▶ **The problem**: Please retype the entries exactly as they stand, leaving out any pictures.

▶ **Data to use**:
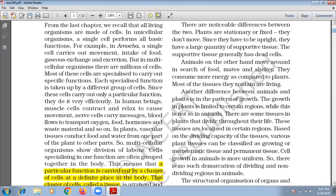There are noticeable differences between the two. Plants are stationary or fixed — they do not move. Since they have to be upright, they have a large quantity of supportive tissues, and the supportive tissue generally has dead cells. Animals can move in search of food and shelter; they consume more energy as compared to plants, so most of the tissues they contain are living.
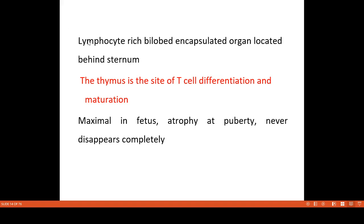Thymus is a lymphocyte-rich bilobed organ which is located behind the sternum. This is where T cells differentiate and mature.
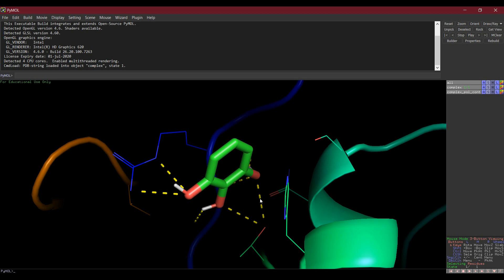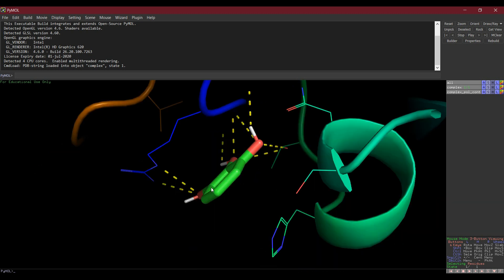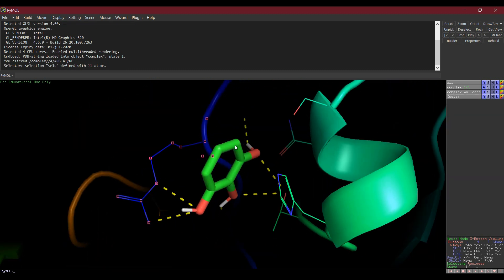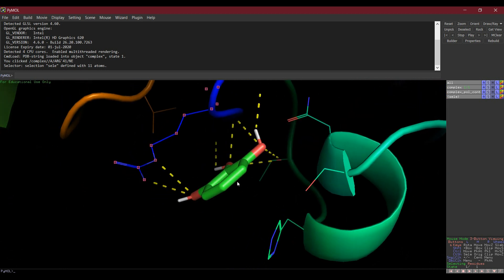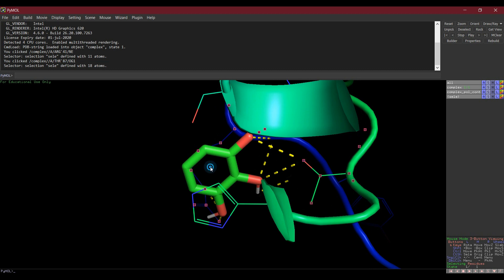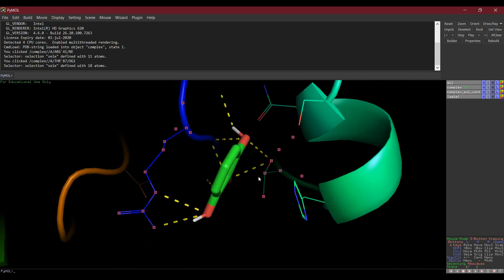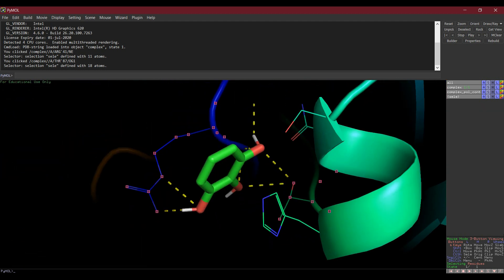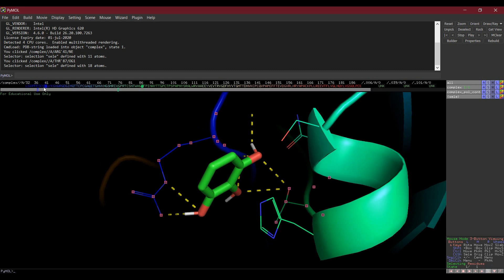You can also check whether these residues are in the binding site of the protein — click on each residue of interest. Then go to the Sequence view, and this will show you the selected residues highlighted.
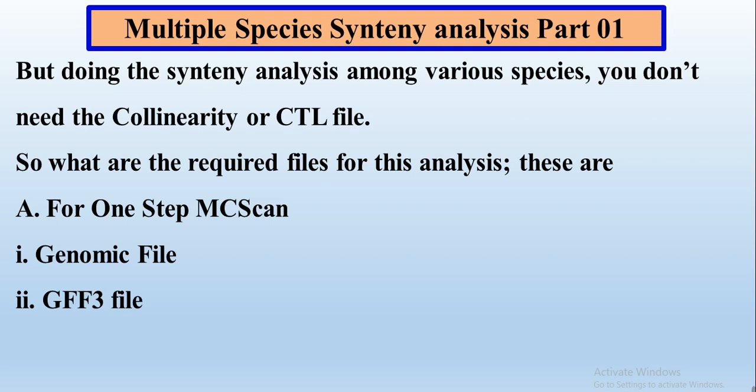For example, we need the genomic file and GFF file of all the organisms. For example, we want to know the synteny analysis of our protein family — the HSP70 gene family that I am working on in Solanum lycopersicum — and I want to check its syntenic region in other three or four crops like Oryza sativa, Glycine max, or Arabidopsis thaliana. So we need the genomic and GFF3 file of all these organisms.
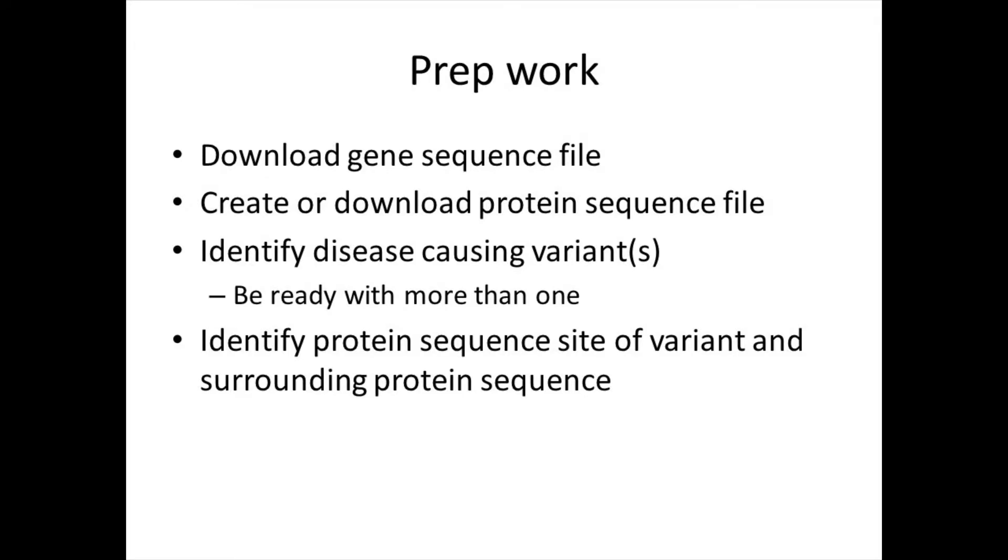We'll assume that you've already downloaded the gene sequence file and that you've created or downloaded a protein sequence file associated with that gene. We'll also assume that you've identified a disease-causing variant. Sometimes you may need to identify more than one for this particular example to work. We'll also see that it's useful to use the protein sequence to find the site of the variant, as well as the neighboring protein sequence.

▶ **Written reply**:
There are noticeable differences between the two. Plants are stationary or fixed — they do not move. Since they have to be upright, they have a large quantity of supportive tissues, and the supportive tissue generally has dead cells. Animals can move in search of food and shelter; they consume more energy as compared to plants, so most of the tissues they contain are living.
Thymus is a lymphocyte-rich bilobed organ which is located behind the sternum. This is where T cells differentiate and mature.
You can also check whether these residues are in the binding site of the protein — click on each residue of interest. Then go to the Sequence view, and this will show you the selected residues highlighted.
For example, we need the genomic file and GFF file of all the organisms. For example, we want to know the synteny analysis of our protein family — the HSP70 gene family that I am working on in Solanum lycopersicum — and I want to check its syntenic region in other three or four crops like Oryza sativa, Glycine max, or Arabidopsis thaliana. So we need the genomic and GFF3 file of all these organisms.
We'll assume that you've already downloaded the gene sequence file and that you've created or downloaded a protein sequence file associated with that gene. We'll also assume that you've identified a disease-causing variant. Sometimes you may need to identify more than one for this particular example to work. We'll also see that it's useful to use the protein sequence to find the site of the variant, as well as the neighboring protein sequence.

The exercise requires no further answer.